I love how this episode, for the most part, followed the graphic novel accurately. When I was watching it, I could see the scenes that were in the book.

Episode 6 – Girls

This is a major turning point for Nick as he starts to explore more what labels he identifies with. He watches a bisexual blogger recount how he found out he was interested in both guys and girls. He also talks to Charlie and asks how he knew he was gay. Through this conversation, we gain a more thorough understanding of both of their characters.

This episode was also a huge milestone for Tara and Darcy’s relationship. Now that they are officially out Tara is starting to realise just how much things changed so quickly. This is slightly different from the novel but I think it is a fantastic difference. We see more of Tara’s personality and gain a better understanding of her struggle after coming

Side by side comparison of Hearstopper scenes with the Comic (Photo from Instagram @Netflixuk / @aliceoseman)

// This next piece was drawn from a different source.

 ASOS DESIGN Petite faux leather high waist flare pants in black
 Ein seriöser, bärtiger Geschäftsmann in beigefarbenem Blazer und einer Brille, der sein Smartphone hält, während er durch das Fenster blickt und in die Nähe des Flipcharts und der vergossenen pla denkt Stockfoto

out as a lesbian. The scene in the practice room where Tara vents out her frustration on the side comments she’s been getting made me feel so proud of her braving through that but leaning on her lover to help her through it. The addition of the comment about being locked in the room where they had their first kiss brought me so much joy! That little moment referencing that special short comic from the novel was so sweet and I loved it.

Later on in the episode, Nick talks about his relationship with Charlie to Tara. They are the first to know and it is a huge step for Nick as he is coming out to them. Nick starts to gain more confidence with his sexuality throughout this episode, and that confidence led to him not being as scared of others finding out. The little moment about Tara and Nick when they were 13 was adorable. The irony of them thinking they were going to end up together, is that Tara ended up with a girlfriend and Nick with a boyfriend. I just found that little scene so cute.

I love how Heartstopper shows us the many experiences LGBT+ members experience. From the fear of coming out to finding your sexuality.

I do hope Netflix allows Heartstopper to return for a second season because there is so much that hasn’t been covered in the show. The ending of the series makes me wonder if Netflix considered the possibility of a second season.